The following code can be used for older versions of Databricks that do not have the above options available. See the comments in the code for where it is applicable. Copy and paste the code into another cell in the Scala notebook and execute it as necessary.

//
// Only earlier versions of databricks, where the init script cannot be configured on the
// cluster create page, the init script has to be copied to per cluster init directory.
// Note in this case, you will have to run this for each new cluster.
//
val CLUSTER_NAME = <YOUR CLUSTER NAME>
dbutils.fs.cp(s"dbfs:/okera/$VERSION/init.sh", s"dbfs:/databricks/init/$CLUSTER_NAME/")

//
// It is also possible to set the init script to be global, for all clusters. This can
// be used to make all clusters Okera enabled. We do this by copying the same init
// script to a global init directory.
//
// dbutils.fs.cp("dbfs:/okera/init.sh", s"dbfs:/databricks/init/")

Notes:

  • Adjust the <YOUR CLUSTER NAME> placeholder to match the name of the Databricks cluster you are targeting.
  • Uncomment the last line as needed.

Once all steps are completed you can use the Databricks UI to spin up a cluster and continue with the Okera configuration, explained next.

Okera Steps

For Okera, the steps are as such:

  1. When setting up a ODAS cluster environment using the Deployment Manager, you have to use the Databricks provided public key and specify it as an environment variable.
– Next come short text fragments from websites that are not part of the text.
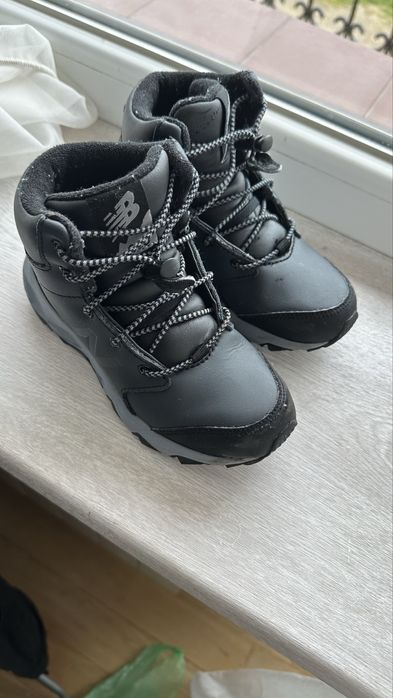 Демі черевики new balance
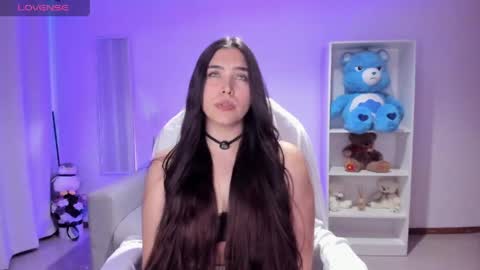 Snapshot of _wtdreamgirl chatting on June 7, 2026, 8:40 am Luisa online show from June 7, 2026, 8:40 am
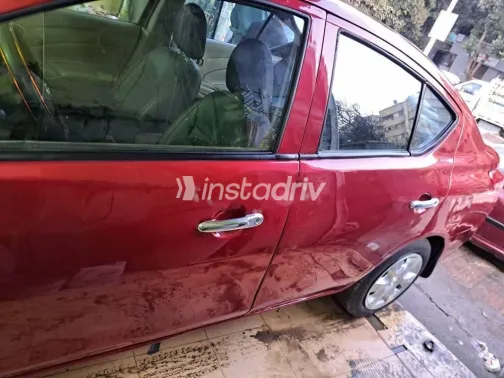 نيسان صنى 2013 أحمر غامق مستعملة للبيع - 4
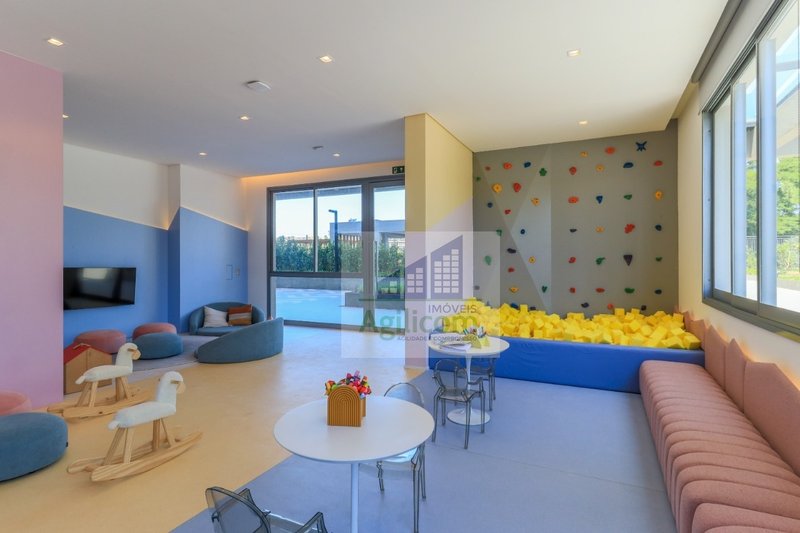 APARTAMENTO À VENDA EM SANTO AMARO COM 3 DORMITÓRIOS Rua Bento Branco de Andrade Filho São Paulo - 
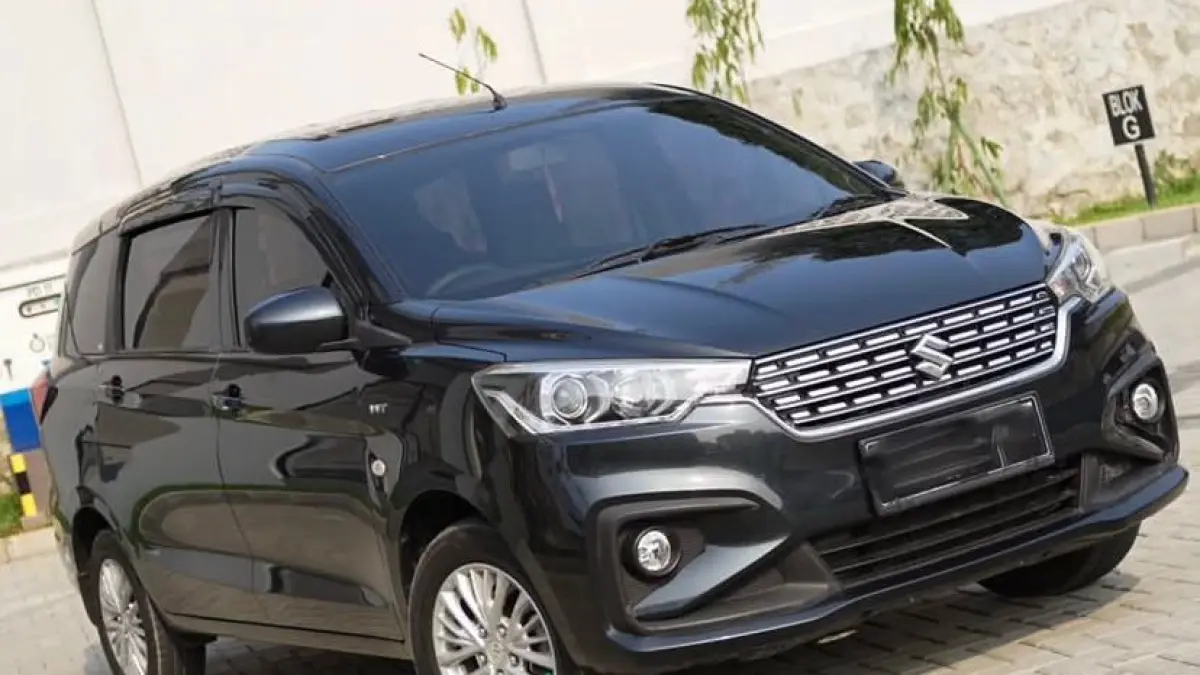 Rumor stop produksi salah besar! Intip spesifikasi Suzuki Ertiga 2026, mobil keluarga paling badak dengan harga di bawah 300 juta. Cek di sini!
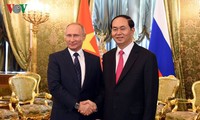 Vietnam, Russia issue joint statement on information security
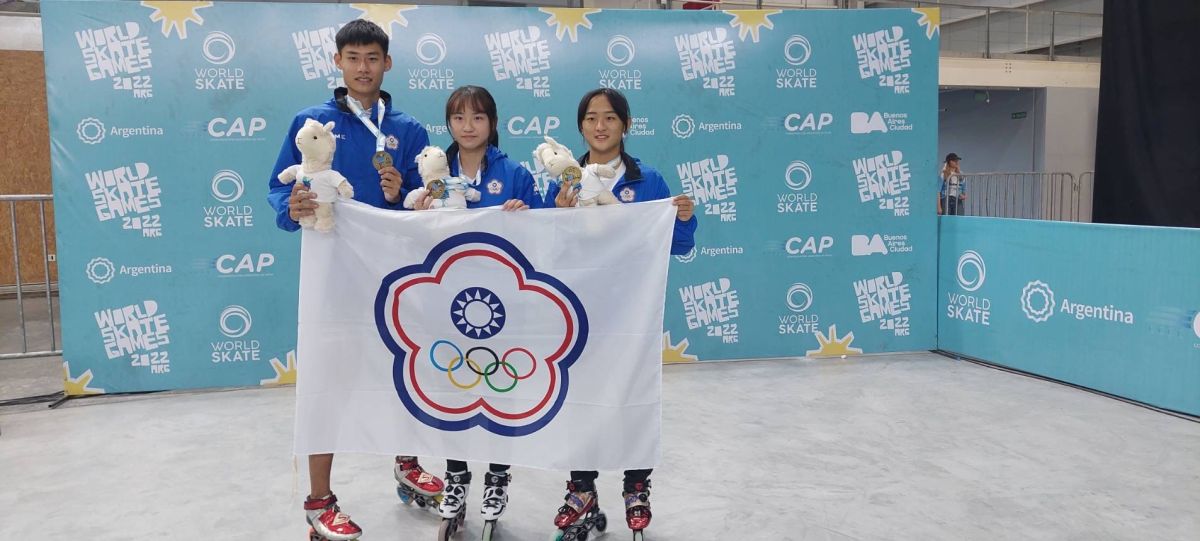 ▲ 劉宇翔選手（左）獲2022 年世界全項目溜冰錦標賽自由式輪滑速度過樁項目成男組金牌。體育署提供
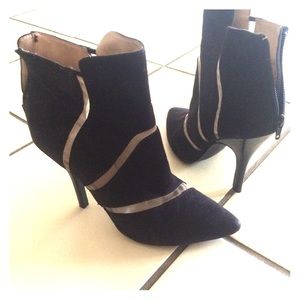 Suede boots with peekaboo design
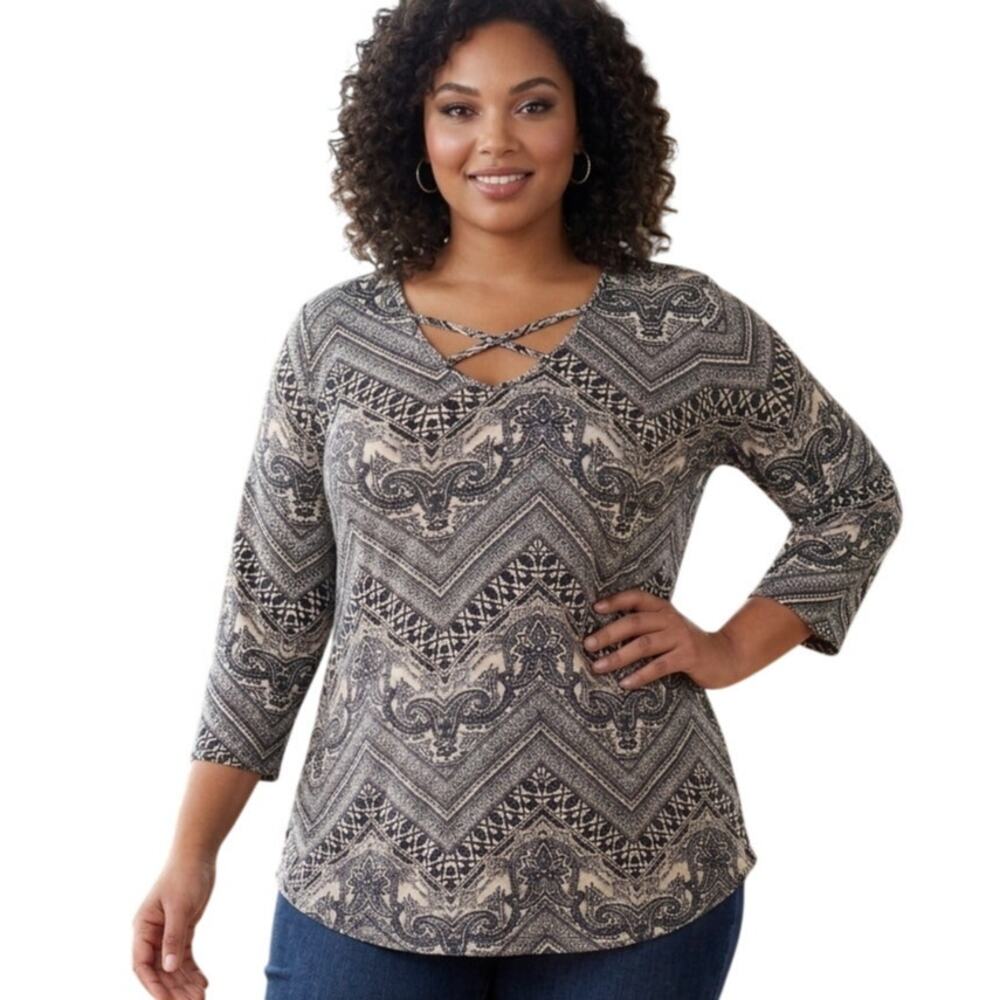 Avenue Criss Cross Top Womens Size 14/16 Black White Paisley Flowy Lattice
    For example, set the following variables in your specific env.sh:

    export CEREBRO_JWT_PUBLIC_KEY="s3://acme-bucket/keys/databricks.pub"
    export CEREBRO_JWT_ALGORITHM="RSA512"
    
  2. Optionally configure a group resolution option that works for your environment.

Once these steps are completed, use the Deployment Manager to spin up an ODAS cluster with the specific environment. You should now be able to access data backed by Okera using Spark or a Notebook provided by Databricks.

Note: Okera configurations in Databricks (that is, connection and RPC timeout values) are applied at the notebook level (as opposed to per-user or per-cluster).

For additional information, see the JWT documentation.